PDF Metadata in LaTeX Documents

A high-quality publication not only has good content, but also takes care of the tiny details. In an earlier blog post we looked at how to embed fonts in a PDF, today we look at PDF metadata which specifies properties such as the author, the title, a subject, and keywords. Setting the PDF metadata correctly will make it easier for search engines to find and correctly advertise your work, so spending a few minutes on setting the metadata correctly is time well spent.

If you use WYSIWYG editors such as LibreOffice or OpenOffice, you will find a suitable properties-dialog somewhere; good luck! However, if you share my preference for a document markup language such as LaTeX, you need to specify these metadata right in the sources, or add them to a PDF later. I summarize five ways of achieving the same in the following. Feel free to download the sources for adding metadata to PDFs generated with LaTeX and try them out.

PDF Metadata with hyperref in LaTeX

A convenient way of specifying the PDF metadata in LaTeX is to use the package hyperref. All you need to do is to include the hyperref package in the preamble and pass the respective entries in the PDF metadata to the macro hypersetup:

pdftitle={Your PDF title},
pdfsubject={Your PDF subject},
pdfauthor={Your PDF author},
pdfkeywords={Your PDF keywords}

This works with LaTeX+DVIPS+PS2PDF as well as with PDFLaTeX.

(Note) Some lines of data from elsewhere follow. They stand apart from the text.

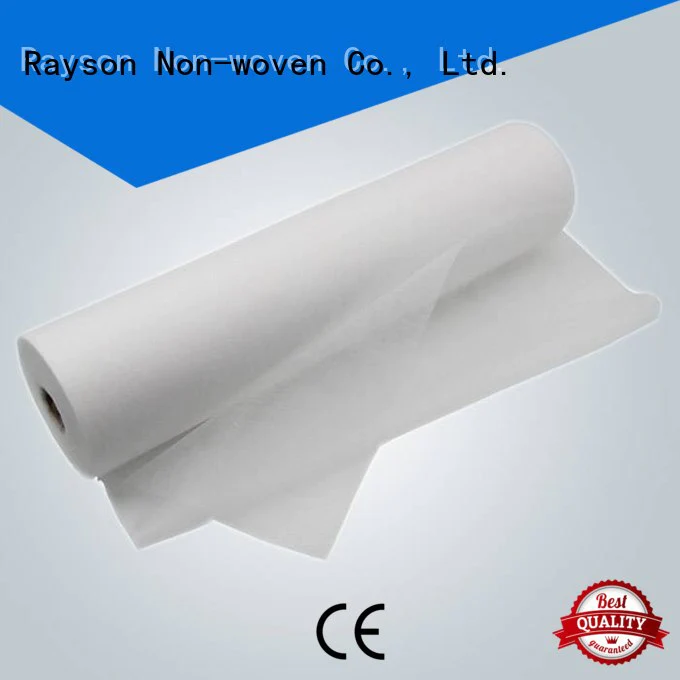 100 Custom promotional non woven textile care rayson nonwoven,ruixin,enviro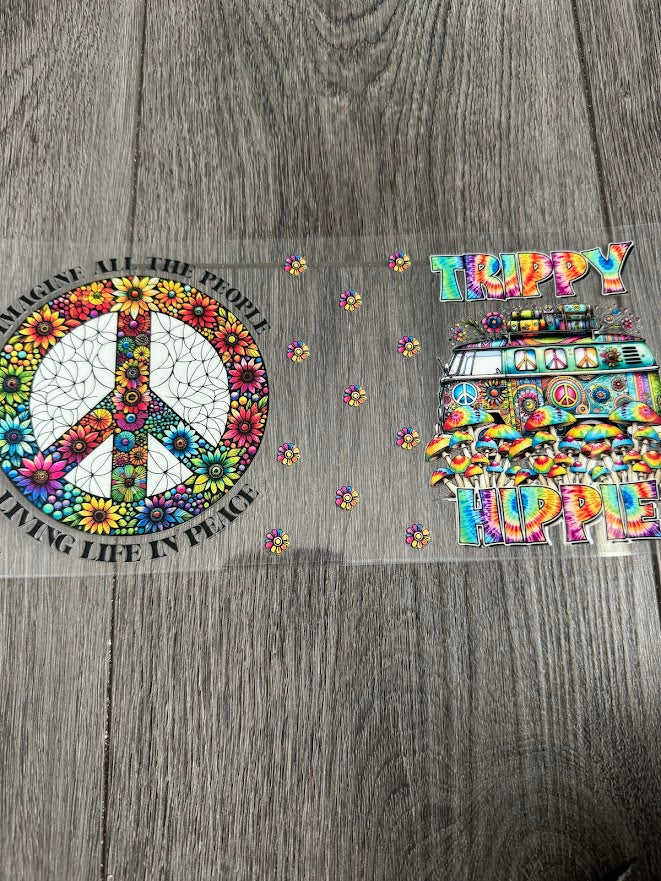 Living In Peace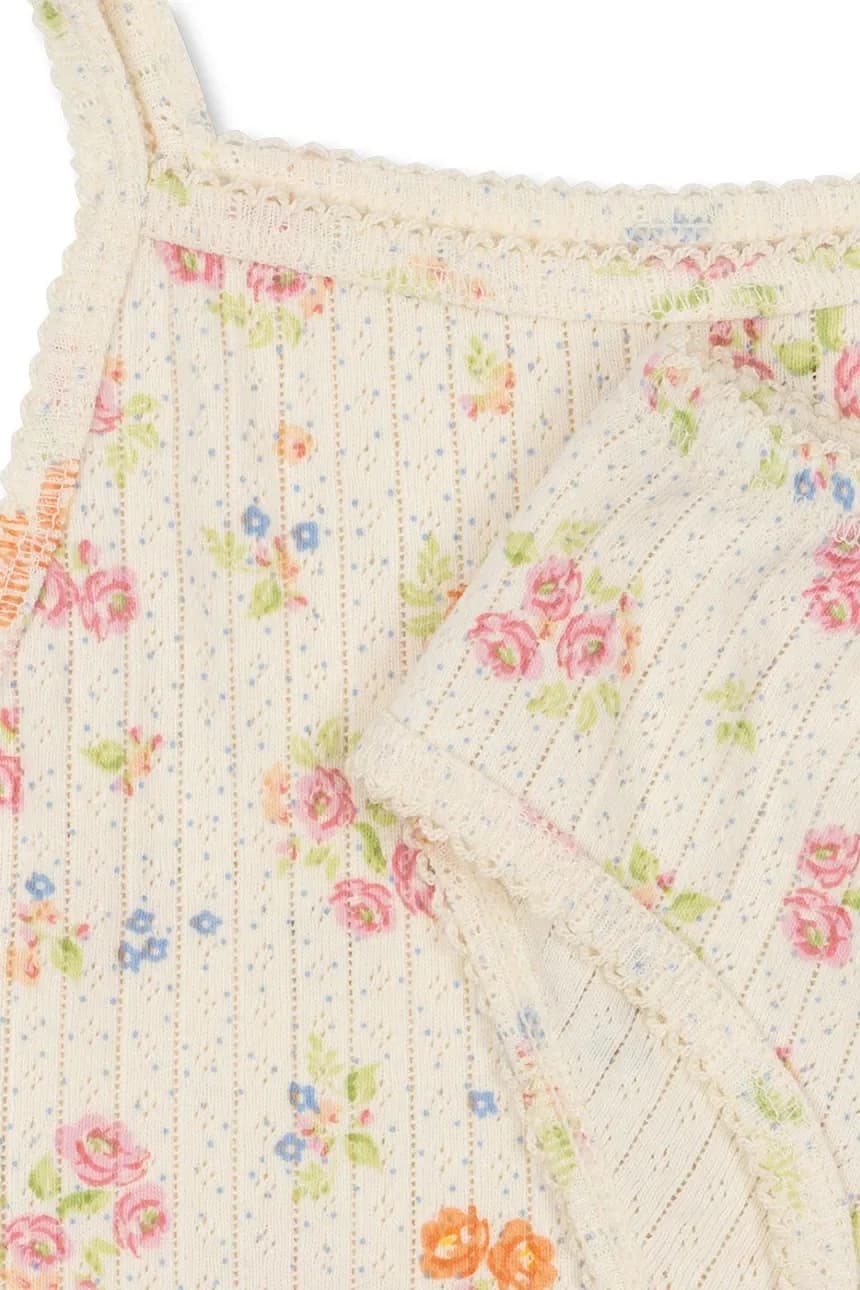 Детский хлопковый комплект MINNIE UNDERWEAR GOTS - фото 3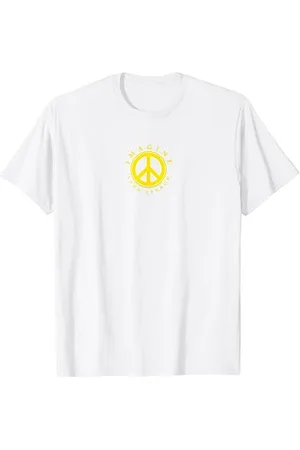 John Lennon Stellen Sie sich vor T-Shirt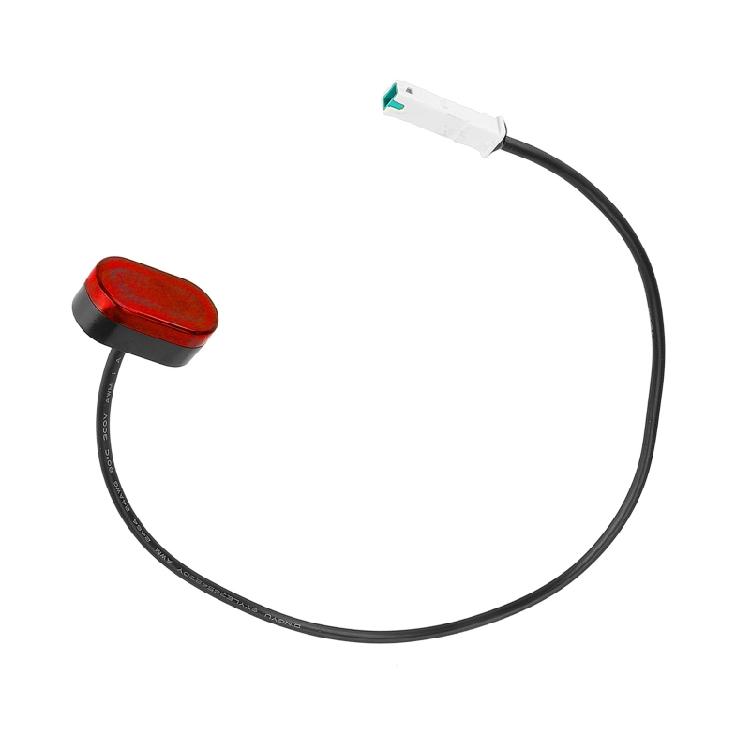 LED Brake Tail Light Electric Scooter Cycling Safe Accessory for Ninebot-Max G30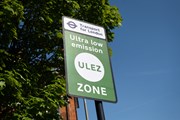 ULEZ Boundary Signage (TfL)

PDF Metadata with pdfinfo in LaTeX

The package hyperref has a couple of dependencies and sometimes clashes with other packages. If hyperref is not an option for you and if you use PDFLaTeX (Latex+DVIPS+PS2PDF does not work), use the macro pdfinfo:

/Title (Your PDF title)
/Author (Your PDF author)
/Subject (Your PDF subject)
/Keywords (Your PDF keywords)

PDF Metadata with pdftk

Sometimes you already have a PDF (not necessarily generated with LaTeX) and only need to fix the metadata. A command line tool for fixing the metadata is pdftk, which is available for all major platforms. Specify the metadata in a text file (say, meta.txt):

InfoKey: Title
InfoValue: Your PDF title
InfoKey: Subject
InfoValue: Your PDF subject
InfoKey: Author
InfoValue: Your PDF author
InfoKey: Keywords
InfoValue: Your PDF keywords

where you adjust the InfoValue entries to your needs. Then, run

pdftk input.pdf update_info meta.txt output output.pdf

to obtain a PDF file output.pdf with the desired metadata.

PDF Metadata with exiftool

Another option for setting PDF metadata is to use exiftool. Pass the respective entries directly in a single command, e.g.

exiftool -Title="Your PDF title" -Subject="Your PDF subject" -Author="Your PDF author" -Keywords="Your PDF keywords" mypdf.pdf

exiftool will overwrite the input file, but store a backup of the original file with suffix _original in the current working directory.

PDF Metadata with Ghostscript

pdftk and exiftool may not be installed on your machine. In such case, consider using Ghostscript. As with pdftk, you need to provide the metadata in a separate file, e.g. pdfmarks:

[ /Title (PDF meta title via ghostscript)
/Author (PDF meta author via ghostscript)
/Subject (PDF meta subject via ghostscript)
/Keywords (PDF meta keywords via ghostscript)
/DOCINFO pdfmark

Did you notice the similarity with the arguments of pdfinfo above? Next, call Ghostscript as follows:

gs -q -dBATCH -dNOPAUSE -sDEVICE=pdfwrite -sOutputFile=output.pdf input.pdf pdfmarks

to produce an output file output.pdf with correct metadata from an input file input.pdf.


This blog post is for calendar week 4 of my weekly blogging series for 2016.